:: What to work on ::
In the material below, find the line containing "Manhattan: Washington Street" and the line containing "Dachgeschoßwohnung Koblenz Horchheim". Output those two lines and all lines between them exactly, without pictures.

:: Data for this task ::
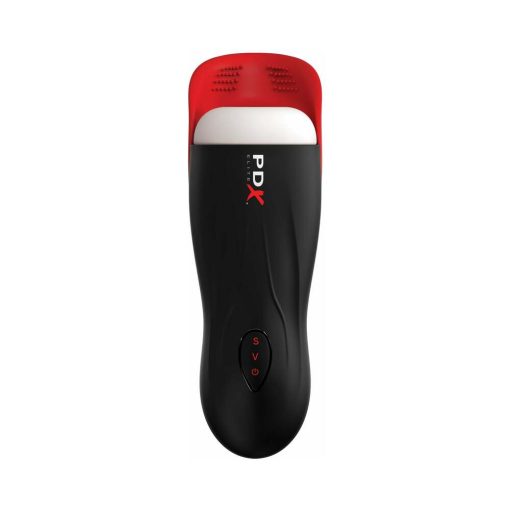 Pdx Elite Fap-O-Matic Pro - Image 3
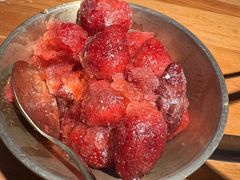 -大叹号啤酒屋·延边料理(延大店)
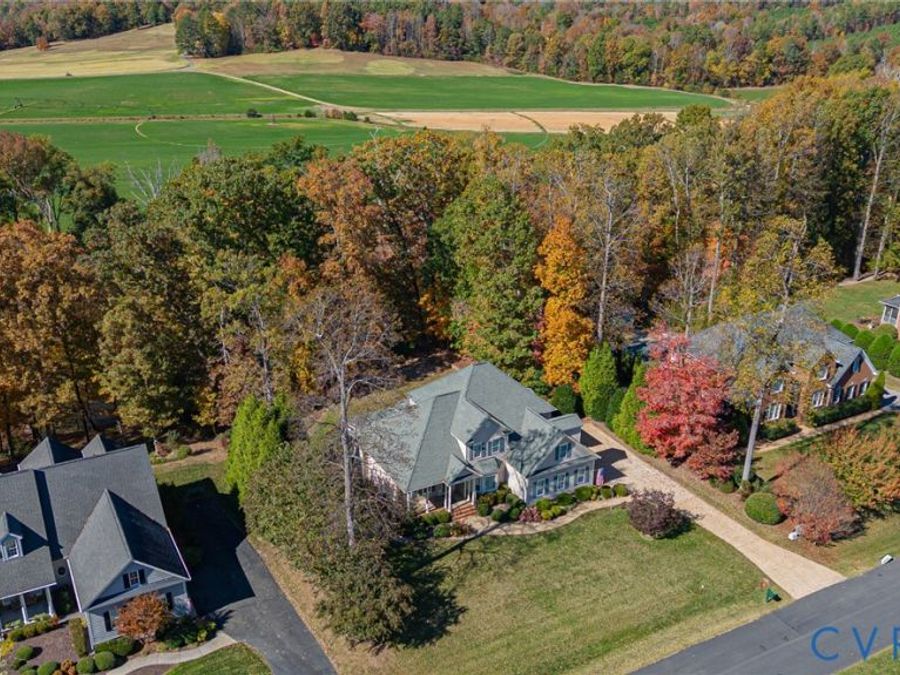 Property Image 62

* * *

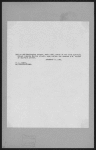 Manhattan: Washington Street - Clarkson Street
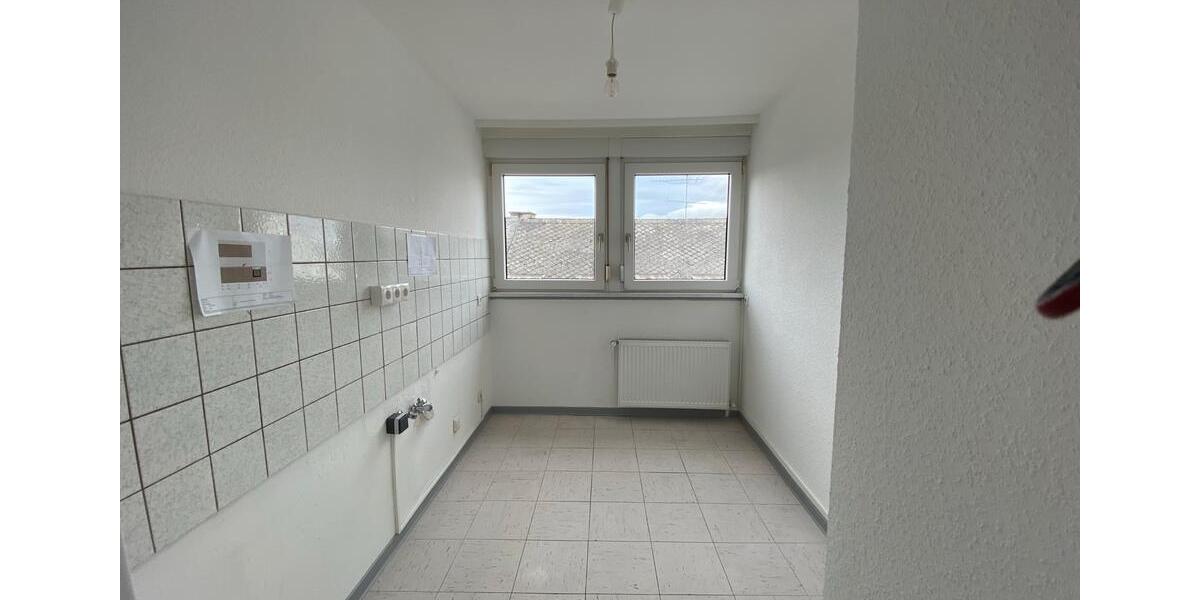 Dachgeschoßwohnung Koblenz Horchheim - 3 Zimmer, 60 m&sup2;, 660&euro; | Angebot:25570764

==

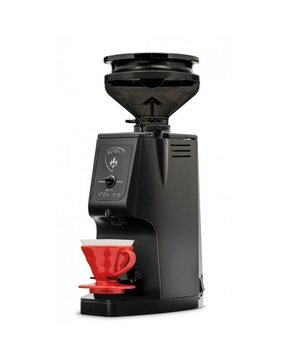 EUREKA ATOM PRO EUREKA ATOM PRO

:: Task response ::
 Manhattan: Washington Street - Clarkson Street
 Dachgeschoßwohnung Koblenz Horchheim - 3 Zimmer, 60 m&sup2;, 660&euro; | Angebot:25570764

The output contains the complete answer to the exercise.